The bill introduced by Republican Rep. Jim Hoops on Dec. 1 would halt the collection of at least $170 million in nuclear and solar subsidies by Energy Harbor for one year. It moved through the House Select Committee on Energy Policy and Oversight on Wednesday and might be up for a vote on the House floor as early as Thursday.
Republicans on Wednesday nixed the emergency clause in the bill and inserted language that would retroactively refund electricity customers most nuclear subsidies collected before the legislation’s effective date.
With no emergency clause, the bill’s passage through the House is more clear, requiring a simple majority and avoiding the need to garner Democratic support, which the bill does not have.
The proposal was a last-ditch effort as Republican lawmakers struggled to find common ground on repealing the law that led to the downfall of their former speaker in July and continues to loom over the majority party.

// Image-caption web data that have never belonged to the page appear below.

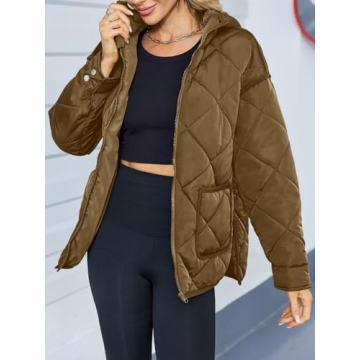 Dyexces Womens Quilted Puffer Jacket Hooded Long Sleeve Zip Up Winter Coat Lightweight Warm Jackets with Pockets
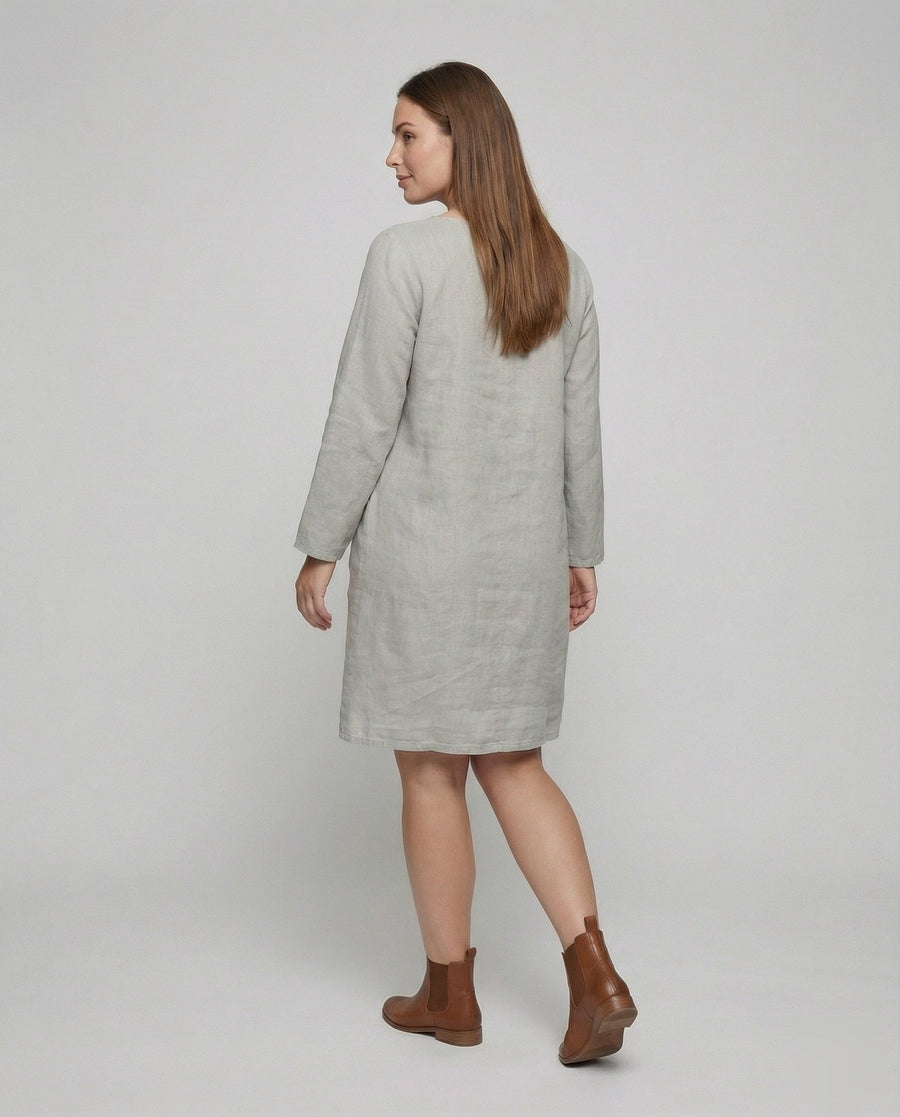 Saar Casual Linen Blend Dress with V-Neck and Side Pockets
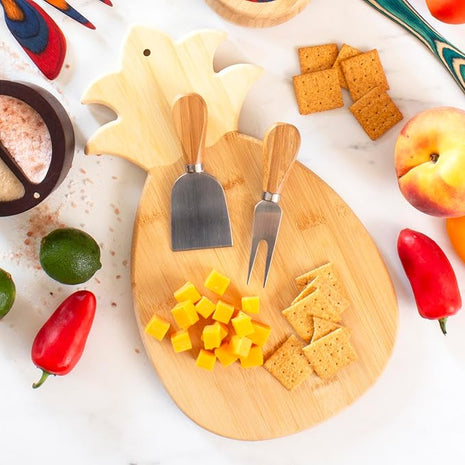 Totally Bamboo Pineapple Shaped Bamboo Wood Cutting Board and Charcuterie Board, 14-3/8" x 7-1/2"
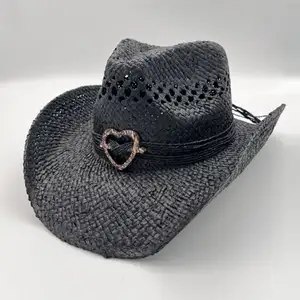 Cappello da spiaggia estivo cappello Fedora tessuto a mano cappelli di paglia da Cowboy occidentali all'ingrosso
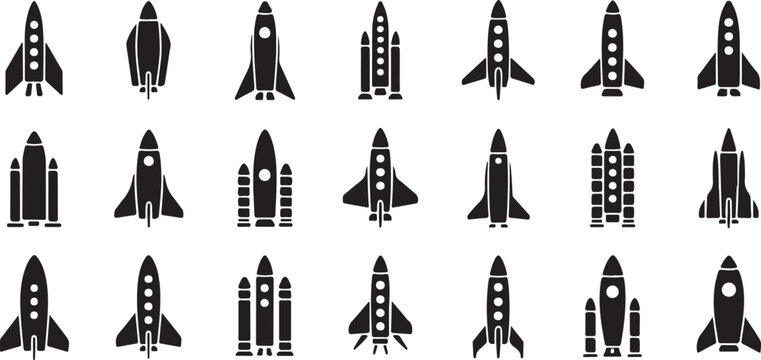 Collection of Nineteen Black Rocket Silhouettes Vector Icons Spacecraft Launch Exploration Technology Startup Symbols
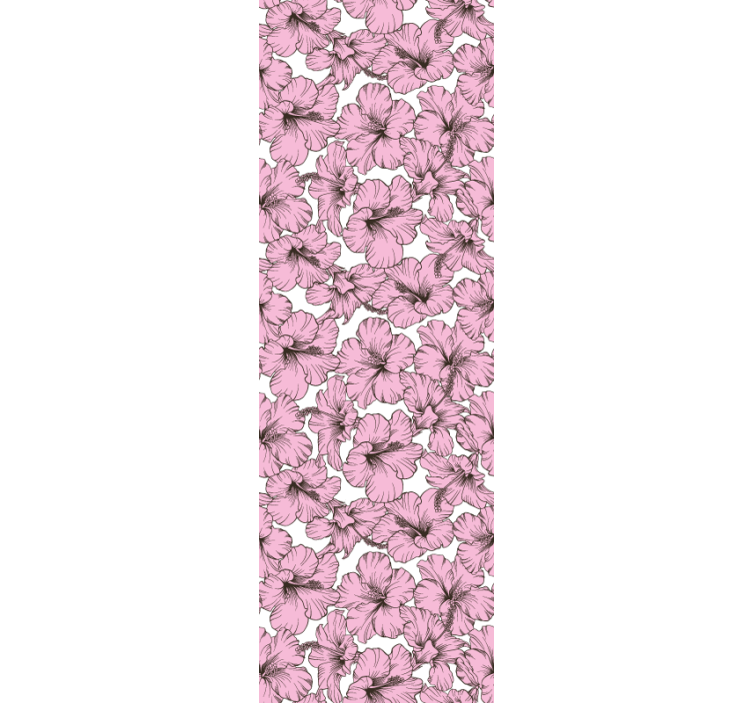 Rullgardin barn rosa hibiskusblommor mönster - Tenstickers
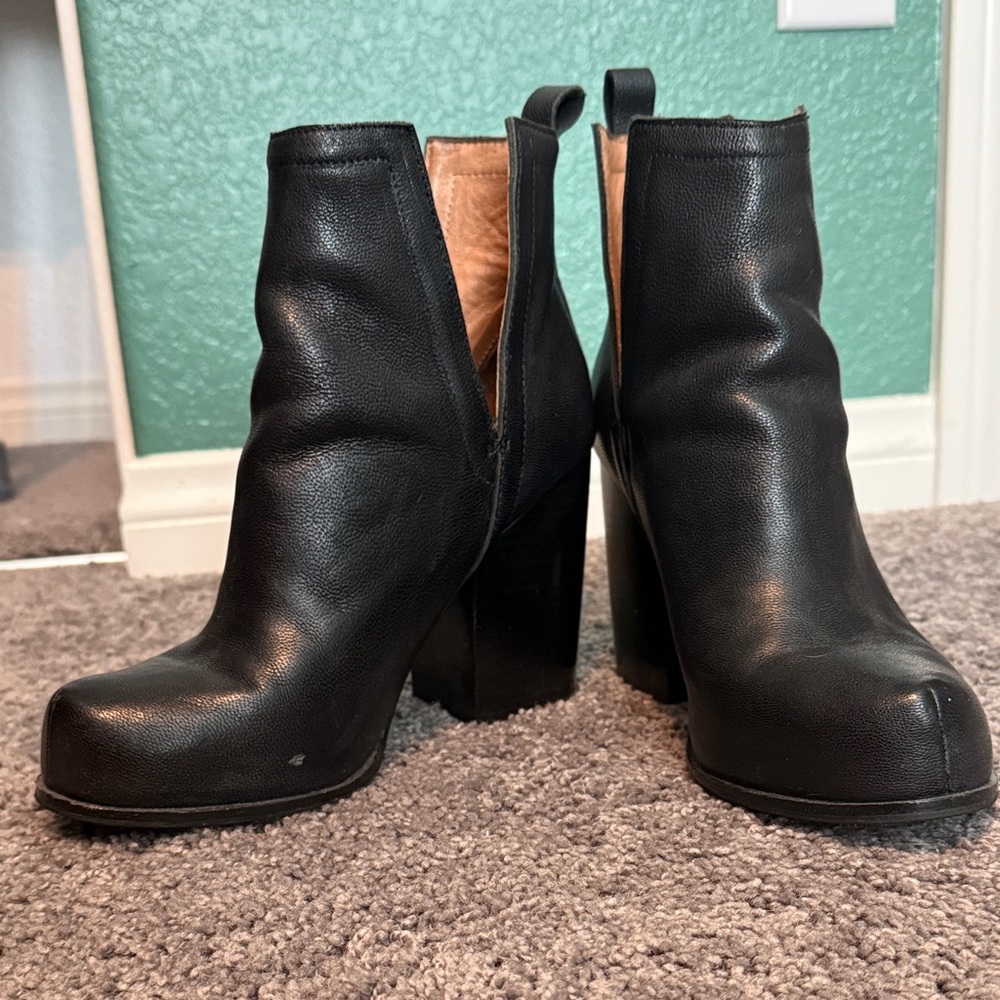 Jeffrey Campbell Black Leather High Block Heel Ankle Boots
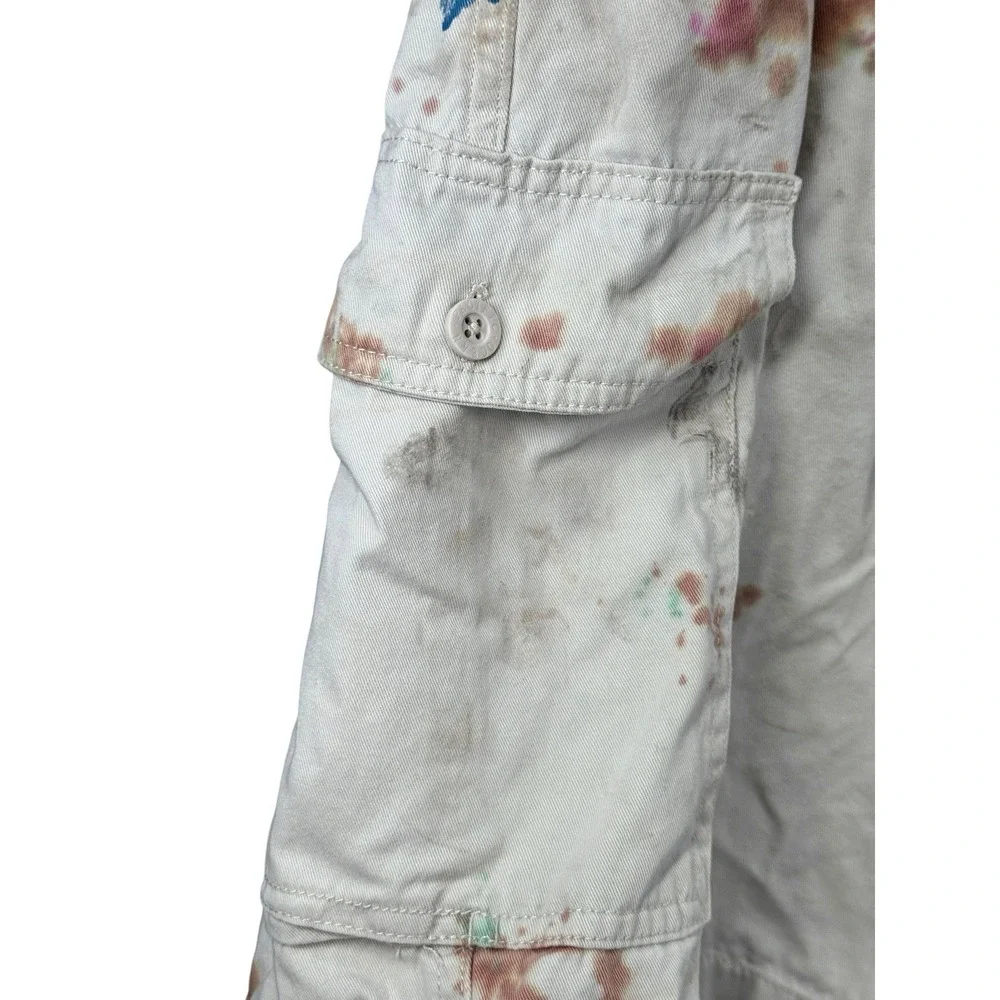 OP Ocean Pacific Paint Splatter Cargo Shorts Y2K Drawstring Men's L 32 Waist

GOP lawmakers have also considered adding the measure to a separate water infrastructure bill that is pending before a conference committee. The idea received a flurry of backlash from Democrats, as well as supporters of a full or partial repeal of the law.
The $1 billion nuclear bailout, passed in July 2019, will add a fee to every electricity bill in the state starting Jan. 1 and direct over $150 million a year, through 2026, to two nuclear plants near Cleveland and Toledo.
Majority Republicans and Democrats in the House have argued over the best approach to reversing the law since the chamber’s former speaker, Larry Householder, and four of his associates were accused of shepherding energy company money for personal and political use as part of an effort to pass the legislation, then kill any attempt to repeal it at the polls.
Two men have since pleaded guilty and await sentencing, which has not been set. Householder and two others have pleaded not guilty.
In the days since criminal charges were filed over the energy bill, Republican Gov. Mike DeWine had voiced reservations about repealing it but later reversed course, saying the bill was tainted and needed to be repealed.
On Wednesday, DeWine said he would sign a bill that would delay or repeal the nuclear subsidies if it were to come to his desk, The Toledo Blade reported.
“If the Legislature presents me with this bill, and the bill has in it what I think it is, then I certainly would sign it,” the Republican governor said.